A unique solution has been found to ensure a popular and beautiful access route to Bembridge can be maintained for locals and visitors.

A new track-based technique is being used by Island Roads next month to replace two key footbridges, which form part of the Causeway at St Helens just to the north of Bembridge Harbour.

The Causeway was constructed to help power the tidal mill at St Helens which was built in around 1780 to grind corn.

The much-used route is linked by both the Old Swing Bridge and the nearby fixed bridge both of which have deteriorated over time, revealing signs of corrosion and timber rot requiring the replacement of both bridges.

Footbridge at The Causeway, St Helens

However, the work presented several challenges as the Causeway is so narrow that it is not practical to use traditional heavy lifting gear to install the replacement bridges.

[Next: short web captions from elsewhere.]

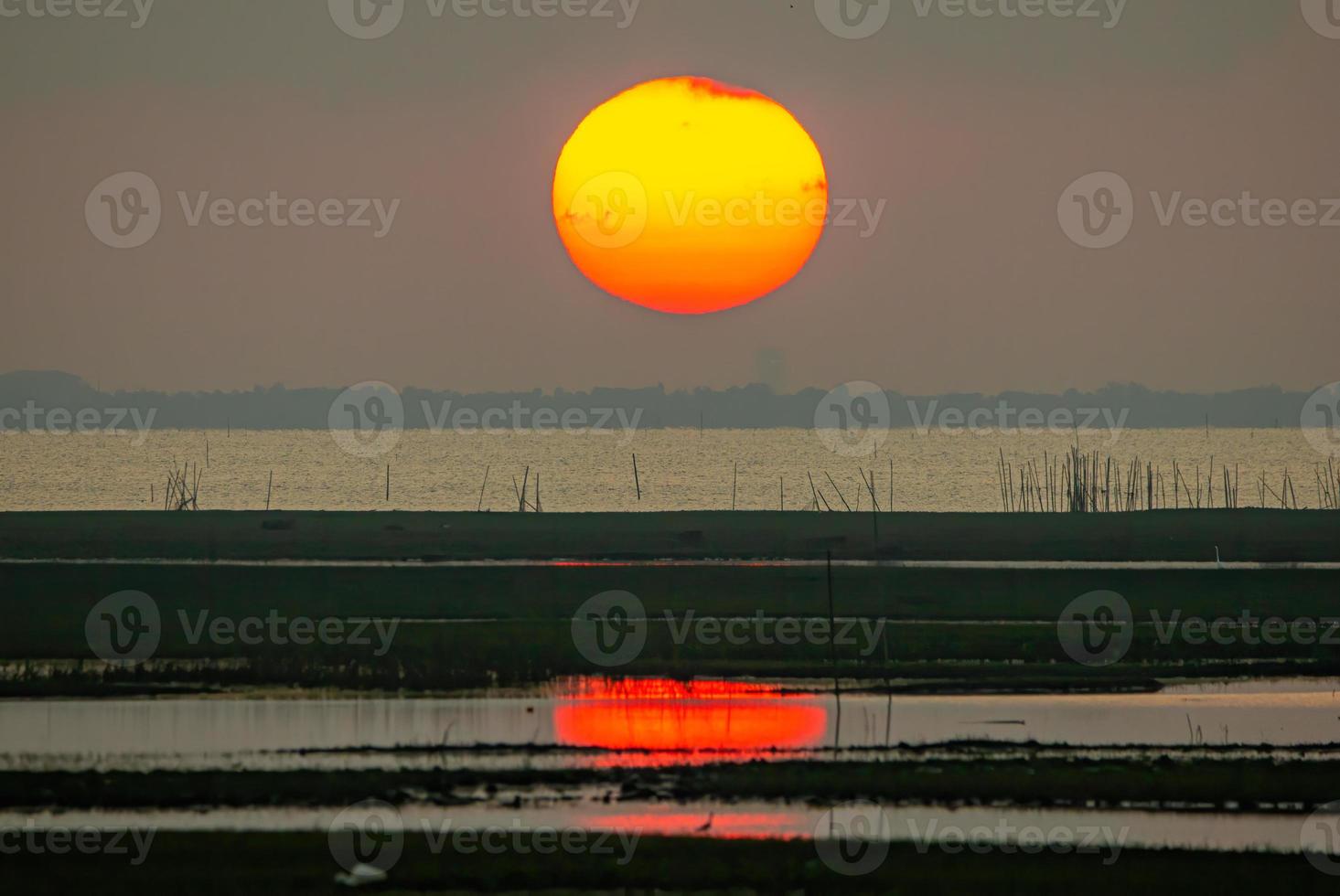 der große sonnenaufgang ist orange. Sonnenaufgang über dem Meer und Mangrovenwald foto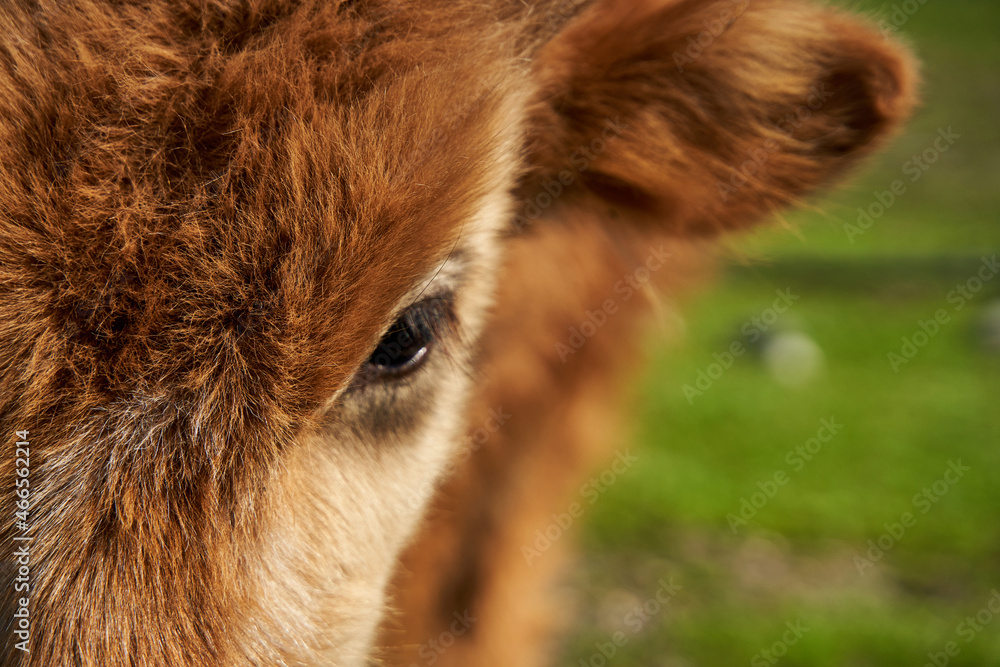 Fototapeta premium Close-up of a porter of a shaggy cow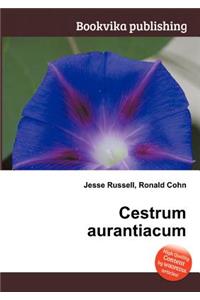 Cestrum Aurantiacum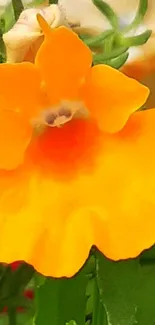 Vibrant orange flower with green leaves background.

At the same time both the Isle of Wight Council and Island Roads were keen to limit any closures for walkers using this well-liked route whilst the work was underway.

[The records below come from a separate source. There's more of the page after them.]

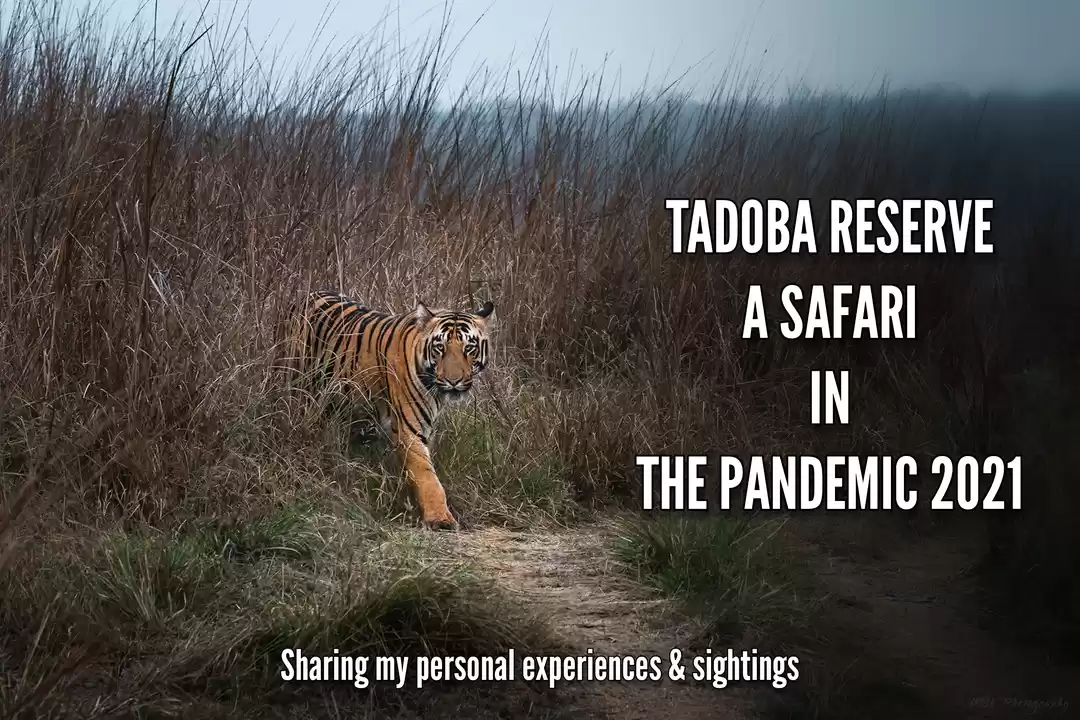 Photo of TADOBA - UNCERTAIN S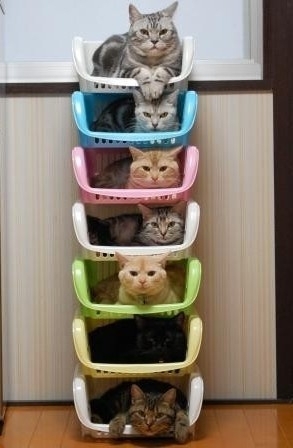 Подредени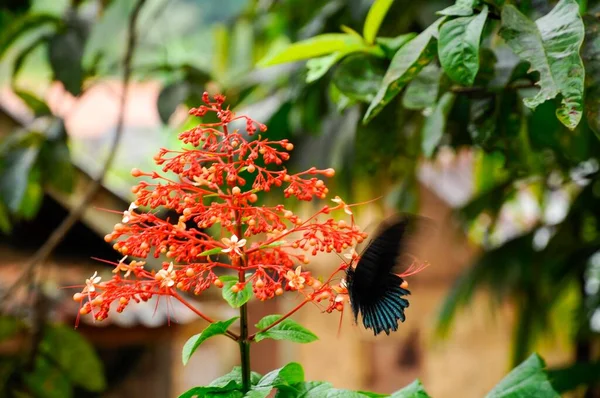 Nahaufnahme Eines Schwarzen Schmetterlings Auf Einer Roten Pflanze Mount Gede — Stockfoto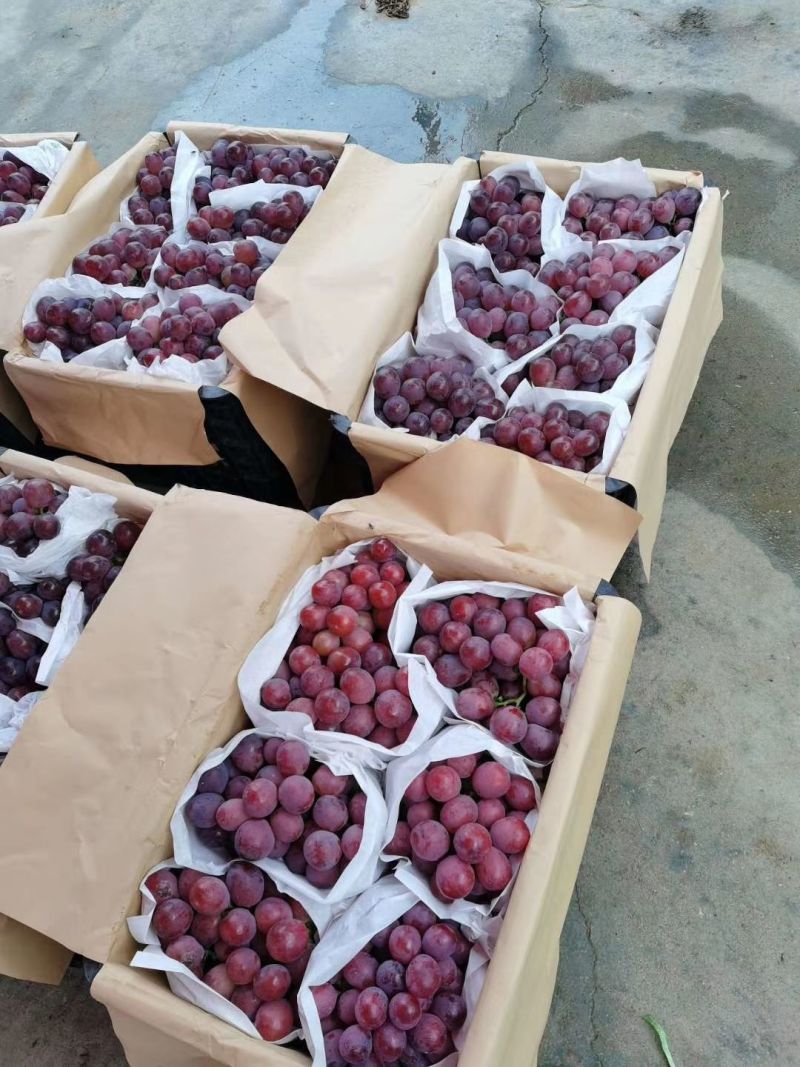 红艳天红提聊城精品葡萄承接商超电商供货产地直发
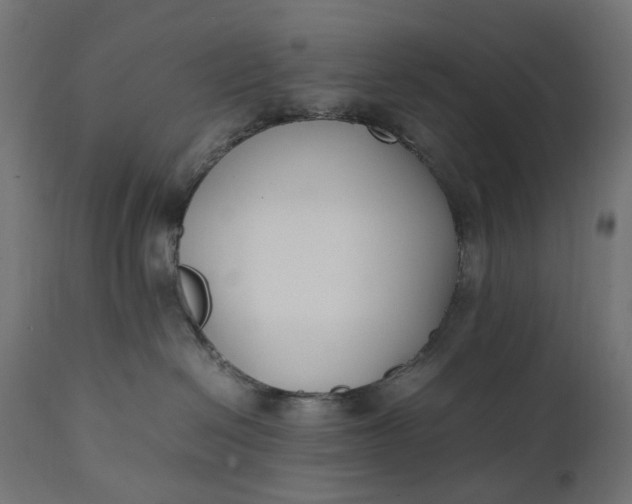 X0000111490286200907281235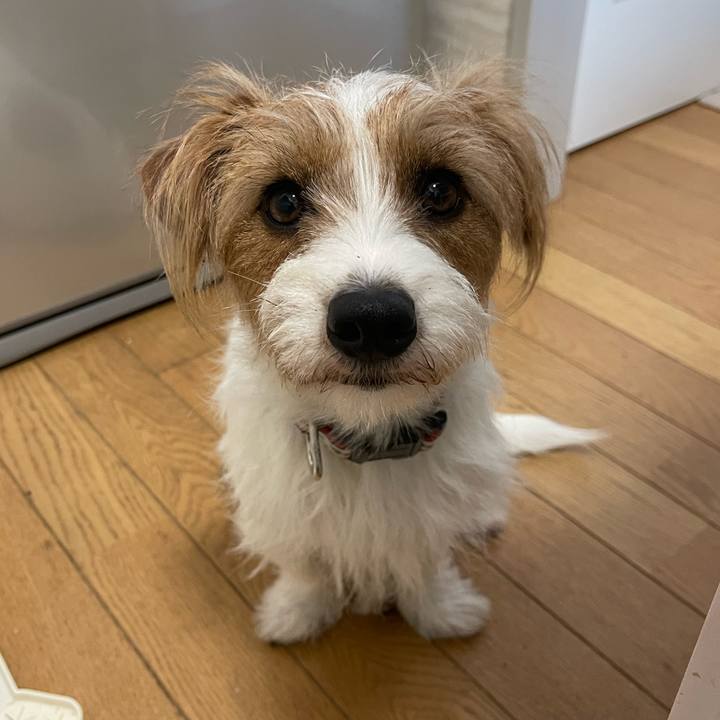 063ec426 cd9b 49bb b429 f69fd367483a 1766391092766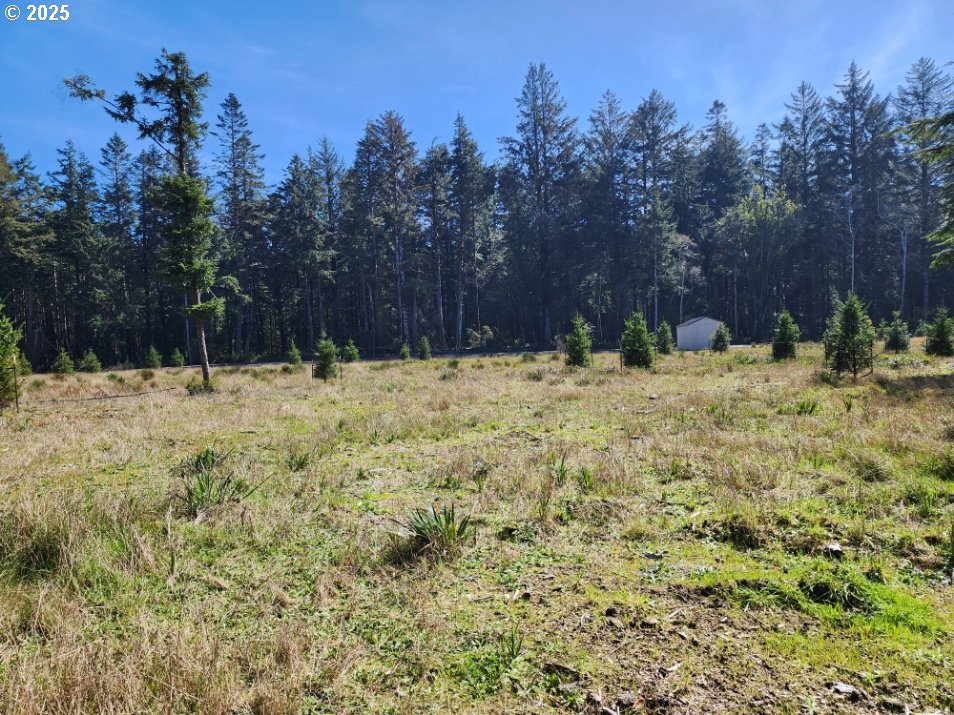 Hubbard Lane, Unit 4 Port Orford, OR 97465 - Photo 2 of 8 a house with trees in the background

The solution will see the new bridge decks arrive in one section where they will be ‘skated’ along the narrow causeway and into position using a system of steel tracks and rollers. The replacement bridges will be made of a composite material to ensure they are suitable for the marine environment, are long-lasting and require minimal maintenance. The old bridges will be dismantled and taken away from site on pontoons.

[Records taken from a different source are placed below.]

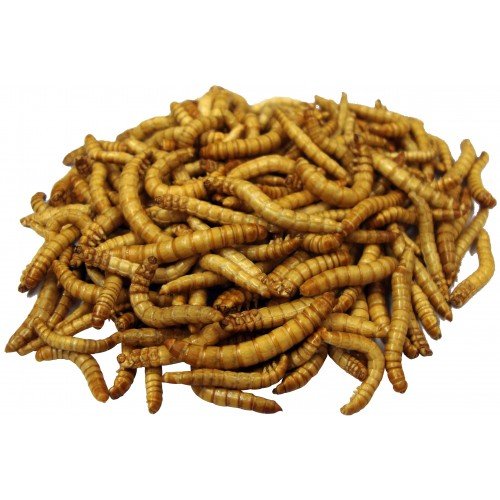 FM Browns Garden Chic!® Mealworms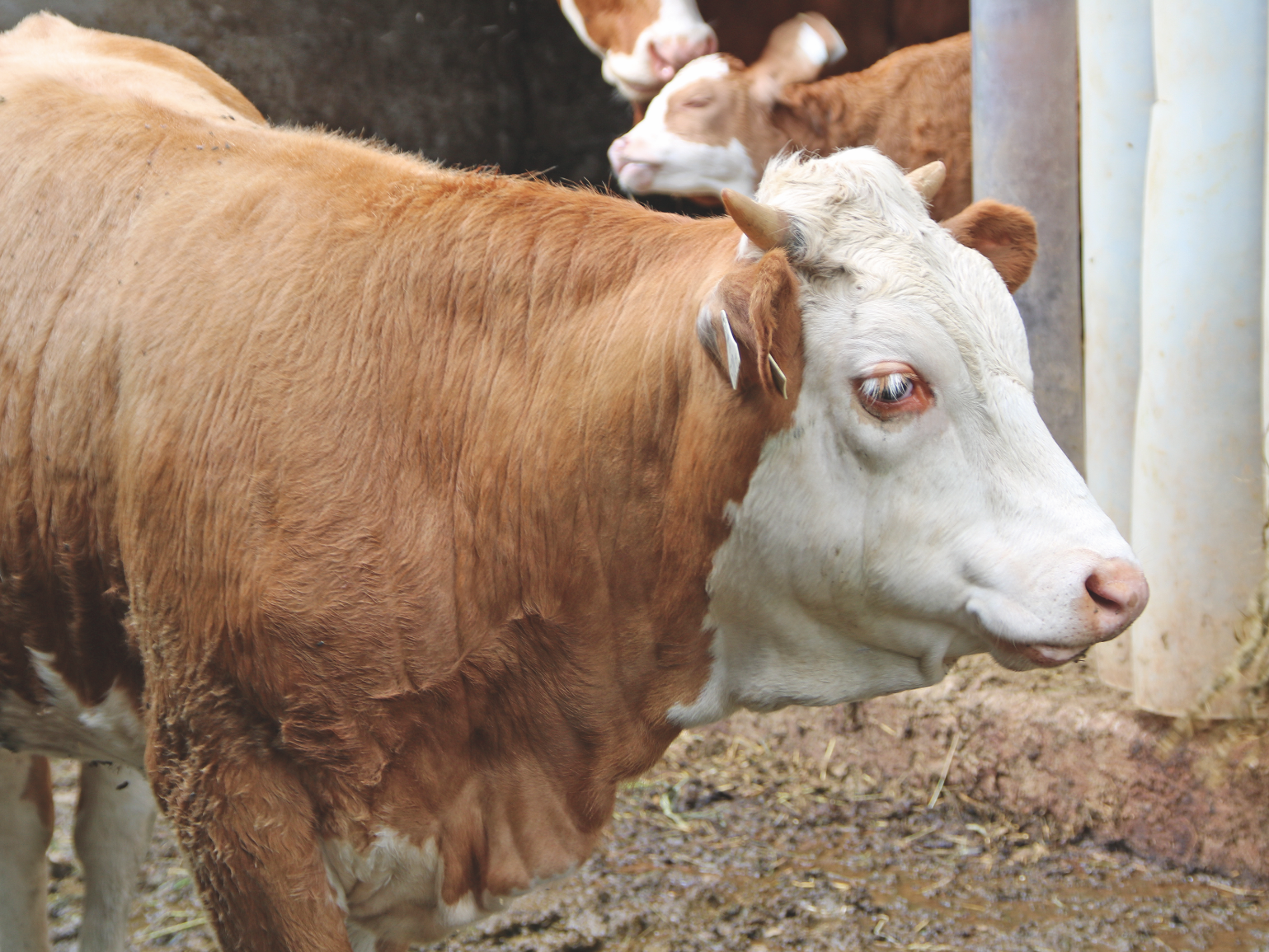 Qplus Rind – Freiwilliges Programm für Rindermäster.png
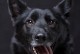 神奇的黑色小熊犬——黑熊犬的故事（黑熊犬）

The project devised by Island Roads working with Shanklin-based MMC Diving and London-based bridge specialist LifeSpan Structures, as well as the Isle of Wight Council’s rights of way team also required special consent from the Marine Management Organisation (MMO).

Jo Huett project manager with Island Roads said: “Our contractors have used a similar system of steels beams and rollers to move heavy structures elsewhere in the country, but we think this will be the first time it has been done on the Island, certainly as part of a bridge replacement.

“It is unusual, but the Island does have many unique locations and it is our job to find the best solution for each challenge. In this case we have also been keen to look at ways of minimising the impact the work will have on those who use the Causeway.”

The project is due to start on September 10 and last for up to three weeks.

On Wednesday (August 29) between 7pm and 8pm at The Pavilion at St Helens, Island Roads staff will be hosting a presentation for the parish council and residents who are interested in hearing more about the scheme.

The project has been timed to be undertaken outside of the main holiday season but also to comply with the MMO licence which states work must be completed before October.